Actor Macaulay Culkin was only a boy when he met Michael Jackson, but he said they were kindred spirits, having both been cast into the show business spotlight at a tender age.

The former child star of "Home Alone" described his relationship Wednesday at Jackson's trial, adamantly denying the pop star had ever touched him inappropriately and dismissing molestation charges against Jackson as "ridiculous."

"It really was the first glimpse into the mind of Michael Jackson, into the mind of what it's like to be this prodigious young child star and growing up in the limelight," said CBS News Legal Analyst Trent Copeland. "Macaulay Culkin shared that limelight with Michael Jackson, and I think he expressed it to the jury in an extremely artful way."
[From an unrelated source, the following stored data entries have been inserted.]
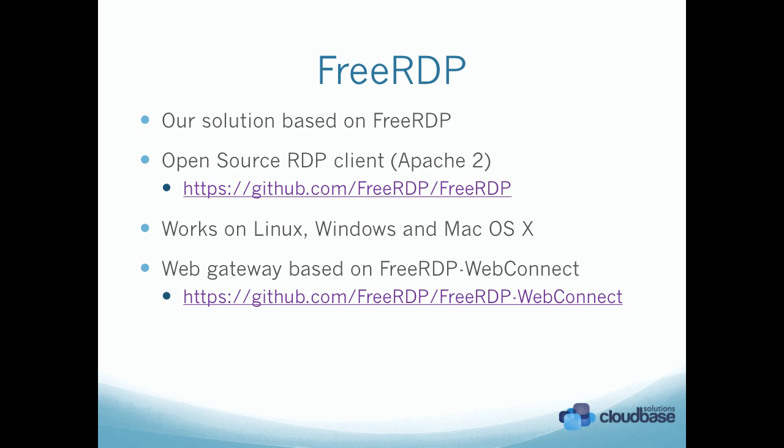You can see now on the screen the GitHub repository URL. It works on Linux, Windows, and Mac OS X, including also the Free Hyper-V server, which doesn't have the Hyper-V Manager installed or available, neither VM Connect.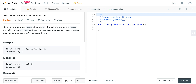Today we are looking at LeetCode number 442, a question called Find All Duplicates in an Array. We're given an integer array nums of length n, where all the integers of nums are in the range of 1 to n, and each integer appears once or twice. We have to return an array of all the integers that appear twice.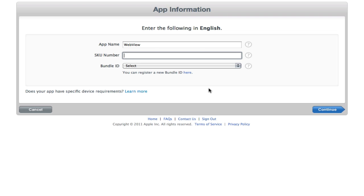The SKU number is a number given to every single thing sold and that's basically specific to that thing. So you could put your initials, so I'm going to put my initials and then you can put a load of numbers and then a number at the end relating to your app. So I'm going to have this app number 56.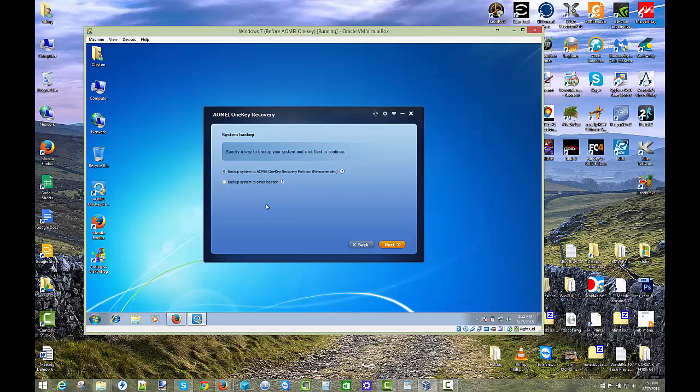And you have two different choices within this next setup. And that's either backup system to AOMI OneKey Recovery partition recommended. Now, this is great if you have a single drive just to see partition. If you have enough space, hopefully, AOMI will actually create the partition for you that it requires to backup your entire system.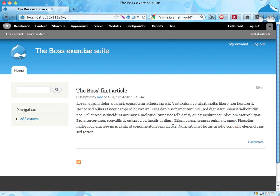Hi, this is a second exercise in the boss exercise suite, and here's the boss. Hello, I'm the boss. I noticed there was a typo in the article posted on the front page. It says lorem ipsum, but it should say lorem ipsum like this.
Jackson himself finally had the chance to defend himself in court — not from the witness stand but in videotaped outtakes of interviews he gave. The singer described his troubled childhood, denied being "weird," and explained that he loves children for their innocence and would never harm them.

"I'm not a nut," Jackson said in one interview. "I'm very smart. You can't come this far and be a nut."

The videotape, presented by the defense after the Culkin testimony, was made by Jackson's videographer as journalist Martin Bashir was making the "Living With Michael Jackson" documentary. It included large segments that did not appear in the documentary. Jurors were expected to see more of the footage Thursday.

"I haven't been betrayed or deceived by children," he said. "Adults have let me down."

The videotape provided a showcase for Jackson to explain his decision to build his Neverland ranch fantasy park and his feeling at times that he was safer with children than adults — all without cross-examination.

Copeland said on CBS News' The Early Show that there were significant pluses for Jackson because it was the first time he was speaking extemporaneously about his life, his fame and his isolation.

However, Copeland notes some inconsistencies in the video may hurt Jackson.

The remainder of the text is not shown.